Based on his own experiences, Nakamura describes heavy pressure and sleepless nights ahead of the deadline. And that was only the beginning. As the circumstances changed, fast-breaking stories became a moving target. “Right up to the deadline we didn’t know what would happen. Contradictory data would also pop up,” he recalled.
Even Aera (March 7), a weekly published by Bungeishunju Ltd.’s arch-enemy, the Asahi Shimbun, has offered grudging praise of Bunshun’s consistent investigative coverage.
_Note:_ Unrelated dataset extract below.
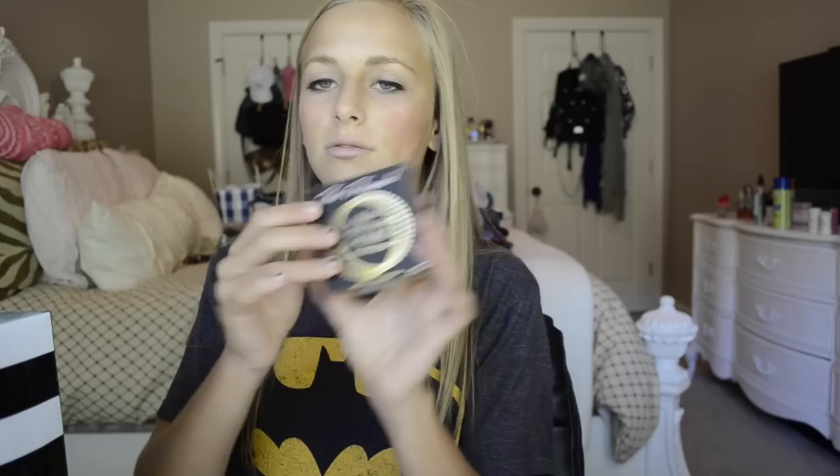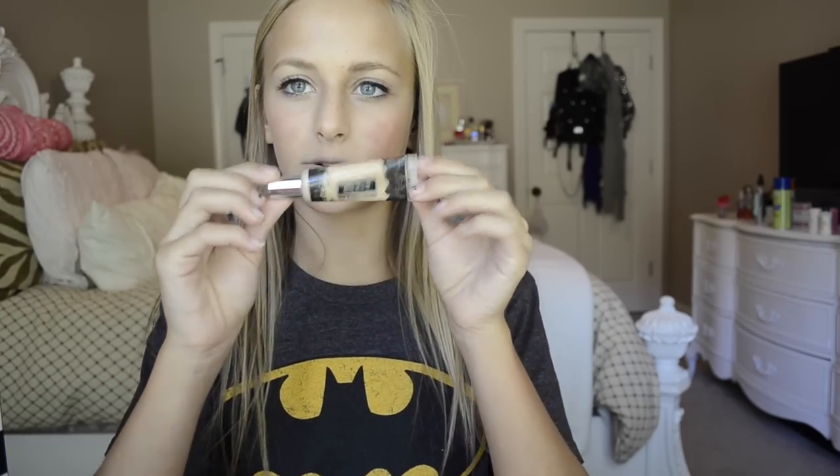Last but not least is Sephora. I got the Milk Chocolate Soleil Light Medium Matte Bronzer, which was $30. And then the Kat Von D Lock It Tattoo Concealer — it's awesome, I tried it in the store. And I got the Better Than Sex Mascara, which was $23. This is literally my fourth one of these to buy because it's amazing. Then I got the Anastasia Brow Wiz — this is my second one of these to have and it lasted me a long time. I love pencils rather than eyeshadow or powders or gels — this is just so much easier to use. That is all that I got in my haul.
“Bunshun is often asked how it pulls off its scoops,” Aera wrote. “The answer is simple: Scoops are what it aims for from the get-go. Once it gets a clue to information, reporters are assigned to go deep and piece together the evidence. And if things come to loggerheads, it sends in its shock troops and the story is completed in one onslaught.”
Under the title “Dave Spector’s Tokyo Saiban” (a reference to the Tokyo Tribunal held after World War II), the aforementioned Spector produced 172 columns for Bunshun from Feb. 1989 to Oct. 1992.
“The magazine publishers typically distribute preview copies to TV stations and other media one day before they go on sale, so any damaging stuff gets leaked and the stories’ targets often head off trouble by taking action quickly,” Spector said, pointing out that the prospect of a so-called daini-dan (“second shot” or follow-up) of a scoop “is even more likely to have the targets shaking in their boots.”
“If the subject holds a press conference, that counts for a big notch in the Bunshun’s belt,” he said. “And the subjects will typically fret over whether or not to wait for the follow-up or even a third shot before talking to the media.”
For now, at least, few would dispute that Bunshun — with an audited circulation of 420,000, the highest of Japan’s weeklies — is on a roll.
What might the implications be, I asked Spector, if Bunshun’s aggressive reporting moves it even further ahead of the pack?
“Because of the juicy stories, what’s happening now is that people with information or leaks are thinking, ‘Well Bunshun is the place to go!'” Spector said. “So it’s becoming the only saloon in town. In other words, Bunshun is reaping the benefits of those scoops to obtain newer stories as it has emerged as the magazine that writers prefer to take their proposals more than anyplace else.”